Peloton filed a lawsuit against Flywheel Sports Inc. claiming patent infringement nearly a year ago. It is not uncommon for intellectual property cases to be lengthy. However, this case is far from over. In fact, Bloomberg reports that the fitness tech company just came across a snag that could hurt their case.
The original claim states Flywheel stole technology
For a while, it seemed that Peloton was ahead in the race against Flywheel. They initially filed the claim stating that the FLY Anywhere bike copied the same technology that Peloton’s popular stationary bike uses. The products are extremely similar, as they both:
- Utilize technology to track a rider’s progress
- Show a live cycling class
- Provide a competitive atmosphere by comparing performance
Peloton also claims that one of Flywheel’s investors approached their CEO as another investor to gather details about the technology Peloton used.
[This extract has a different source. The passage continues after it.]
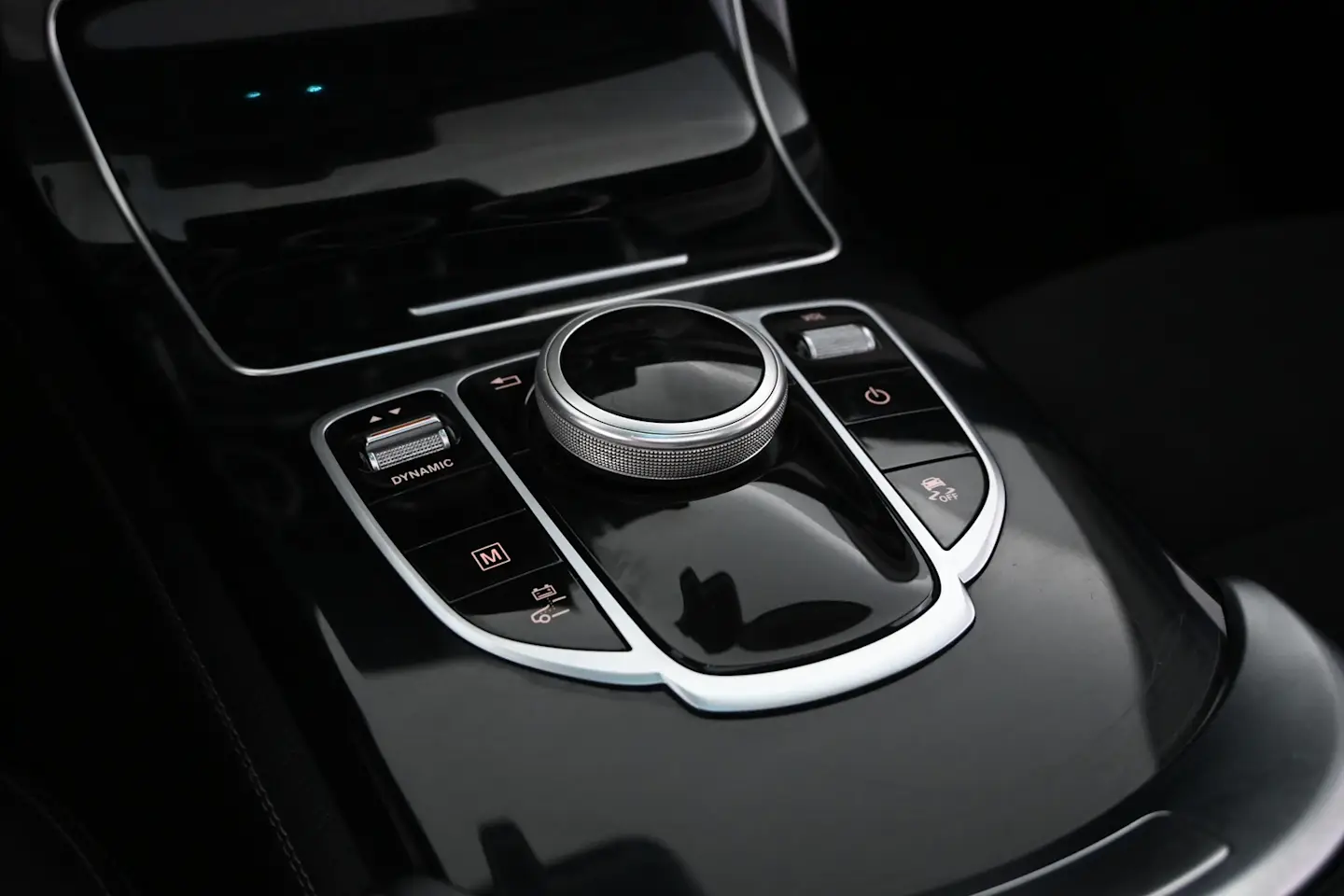 Car Image - 7DMgyZH8gex5b79VMiCfzQ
They state that this was how Flywheel stole the information they needed to make the FLY Anywhere bike.
But Flywheel claims Peloton patented old technology
Flywheel’s new claims report that Peloton cannot bring a valid claim against them since their patents allegedly cover old ideas.
U.S. patent law does not cover the ideas that inspire technology, only the technology or invention itself.
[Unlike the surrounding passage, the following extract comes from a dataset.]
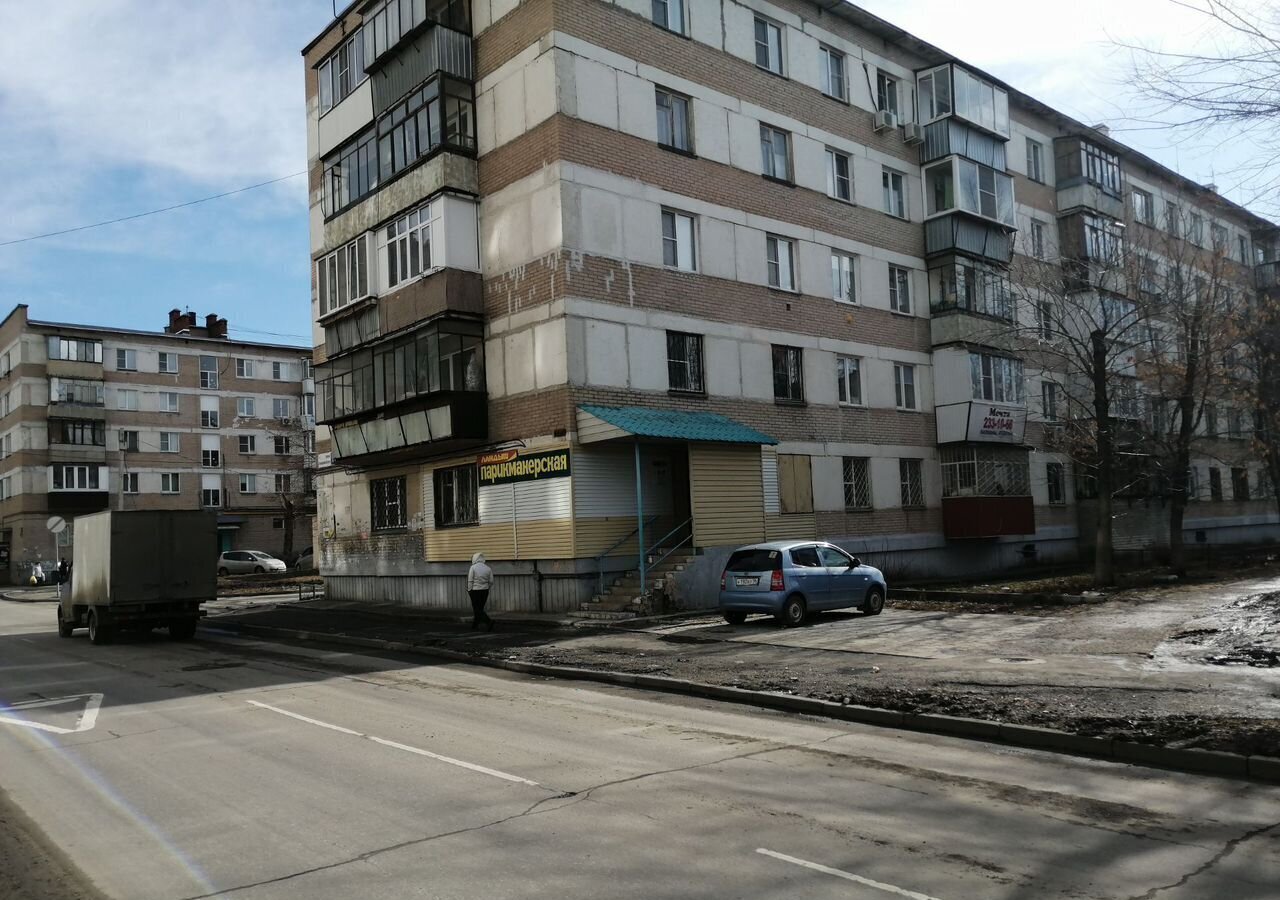 торговое помещение г Челябинск р-н Металлургический ул Комаровского 11 фото 3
However, the Patent Trial and Appeal Board has agreed to review the case and Flywheel’s claims. If the board can determine that technology—and not simply ideas—similar to Peloton’s technology patents existed beforehand, then Peloton could be in danger of losing ground.
This is not Peloton’s first obstacle in the intellectual property world
Only a few months ago in March, Peloton faced a lawsuit for using popular music in their cycling videos which they did not have licenses to use. Some of the classes depended on music, but the company removed any classes using pop songs they did not have a license for.
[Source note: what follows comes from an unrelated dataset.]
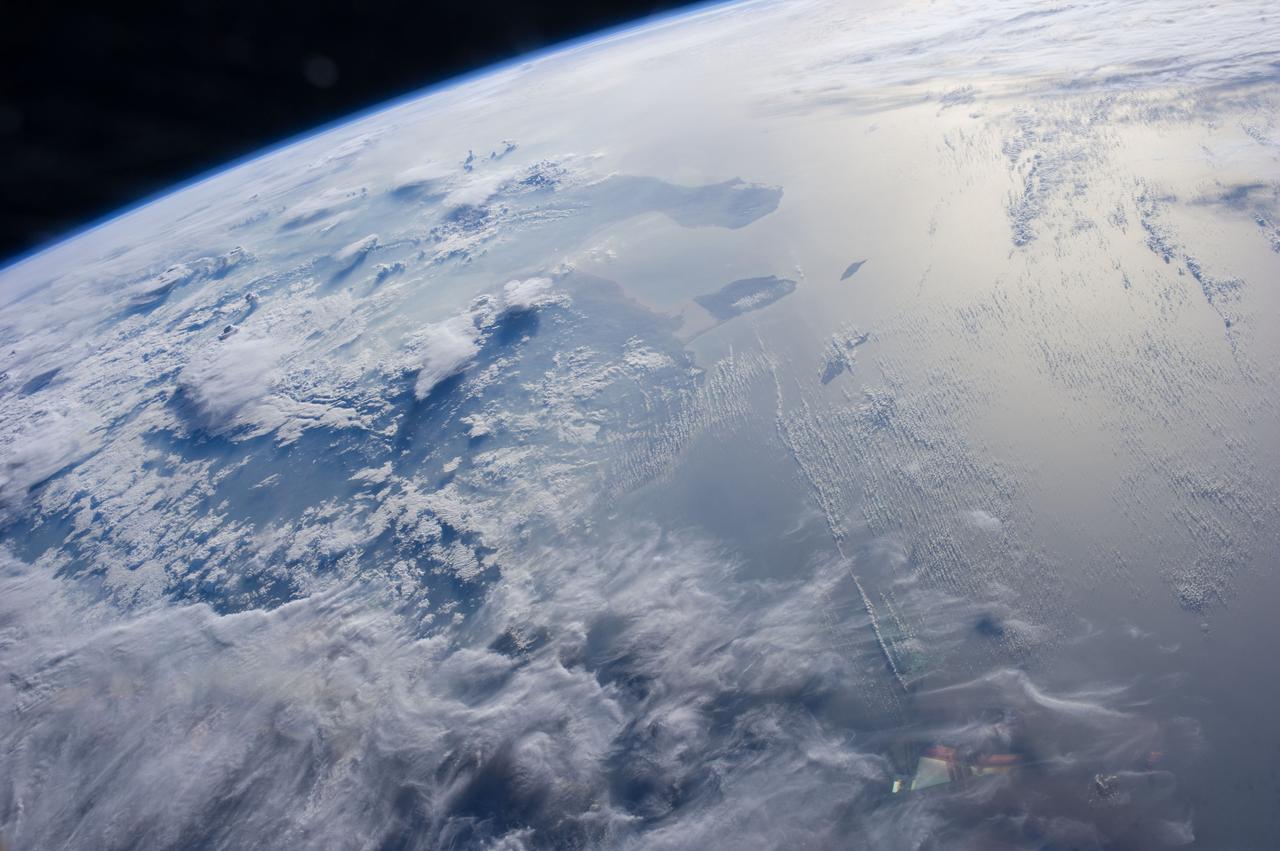 Earth Observation – 高清 桌面壁纸 无版权可商用素材 免费下载 手机电脑通用背景图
Although the issue of copyright and licenses of songs does not influence the company’s technology patents, it does demonstrate that Peloton has a track record of intellectual property issues. If they did not obtain the proper licenses to use music, could it be possible that they did not obtain proper patents as well?
There is no way of telling how the lawsuit involving Flywheel will result yet. However, it is critical to note that this case—just as any intellectual property case—involves a significant amount of risk for both companies, regardless of the final ruling.